Mormonism and Evangelicalism

A Prolonged Mutual Investigation

In reading through the essays that appear in these pages, it struck me that this issue is the most “personal” in tone of all the fine discussions that have been featured thus far in this journal. There are stories here of first impressions about very real people, and reports about what happened when folks shared meals and spent some time visiting historic places together. Most important, there are testimonies here of trusting personal relationships that have been formed.

Sigmund Freud discussed the fact that people are often harsher toward those whose views are close, but not identical to their own than they are toward those whose perspectives can only be seen from a great distance. He called this “the narcissism of minor differences.”
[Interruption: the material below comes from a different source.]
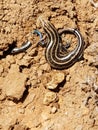 Blue tail lizards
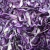 Import High Quality Purple cabbage extract powder 100% natural Red cabbage chunk from Singapore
There is nothing “minor,” of course, about the beliefs that actually separate Mormonism and Evangelicalism. But for all of that, there is much similarity. The historian Jan Shipps has rightly observed that the relationship of LDS teaching to historic Christianity is much like that of Christianity to Judaism: a mixture of continuity and significant discontinuity.

Those continuities and discontinuities are not covered in these pages in any detail. Rather, the focus is on what is necessary as preparation for that kind of prolonged mutual investigation. And the primary ingredients in that regard are good will and trust.

There are many important historical factors that have made productive dialogue between Evangelicals and Mormons extremely difficult. We have refused genuinely to listen to each other, not asking the kinds of questions of each that are designed to make sure we have it right. We have often resorted to what is in fact a serious violation of the rules of healthy dialogue: we have on each side compared our best teachings with the other group’s worst—comparing our own carefully formulated reflective theological statements with the other side’s “folk” teachings.

These essays signal an important development in American—yes, even global—religion. Mormons and Evangelicals are talking together. And we have been doing so in conversations that have been lasting for days and spreading over more than a decade. All of us who have been involved in this ongoing dialogue are convinced that God is pleased with what we are doing together. I believe that the testimonies in these pages clearly support that conviction.